It’s happens often – a group of friends get together and start telling stories about some of their greatest baseball memories.
And then the inevitably happens, the ‘Remember the time’ stories begin about their worst baseball memories.
Monday night’s devastating 5-2 loss to the San Francisco Giants in front of 45,229 at Dodger Stadium officially qualifies as a worst ‘Remember the time’ baseball story.
It might start out as ‘Remember the time that Clayton Kershaw pitched his greatest game of the 2018 season by outdueling Madison Bumgarner 2-1?’.
But more than likely it will be ‘Remember the time that Scott Alexander sucked?’, because, well, Scott Alexander sucked … again.
Kershaw went a stellar 8.0 innings, allowing only one run on four hits while walking none and striking out nine, to lower his earned run average to a team best 2.47 among all Dodgers starters with more than 30 innings pitched. If ever Kershaw deserved to win a game, this was it.
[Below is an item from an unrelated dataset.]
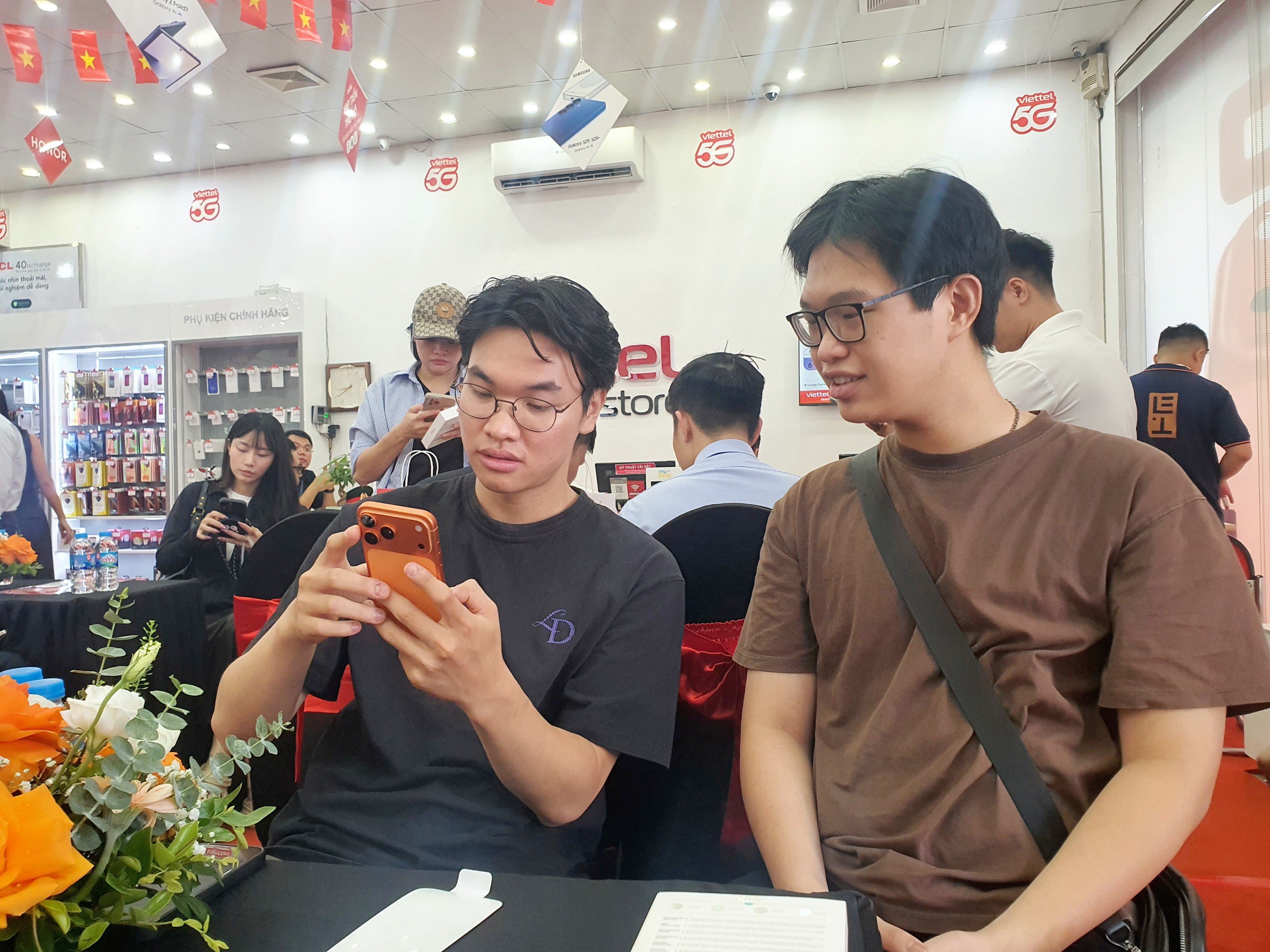 Chia sẻ về cảm nhận sau khi được “đập hộp” chiếc iPhone 17 Pro Max màu cam của mình, anh Quyền cho biết cảm giác rất hồi hộp và thích thú vì sản phẩm được cầm trên tay vượt mong đợi. “Tôi thấy iPhone 17 năm nay ra có rất nhiều màu đẹp nhưng tôi thích nhất màu cam. Khung viền rất chắc chắn, cầm khá thoải mái”, anh Quyền chia sẻ.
In fact, Dodgers manager Dave Roberts said this exact thing during his painful postgame interview.
“Clayton pitched great and he had great stuff. He deserved to get the win,” a visibly upset Roberts said. “It was fun to watch him compete, make pitches, get out of a couple spots.
“That eighth inning was huge, pushed him a little bit, made a great play to finish his outing, so I can’t say enough about what Clayton did for us tonight,” Roberts added.
That “pushed him a little bit” thing had to do with the 110 pitches that the future Hall of Famer made, 78 of which were strikes.
As for Alexander, there’s that “Remember the time” thing.
“He had [Giants shortstop Chase] d’Arnaud down 0-2 and then the soft single out there,” Roberts said. “And then he had Slater there two strikes and he ends up hitting him. We were there, a strike away.”
A strike away twice.
Although the Dodger skipper never entertained the thought of sending his ace back out there to pitch the ninth, Kershaw told reporters after the game that he certainly would have, if given the opportunity.
“I mean, I would have stayed in. Doc made the choice,” Kershaw said.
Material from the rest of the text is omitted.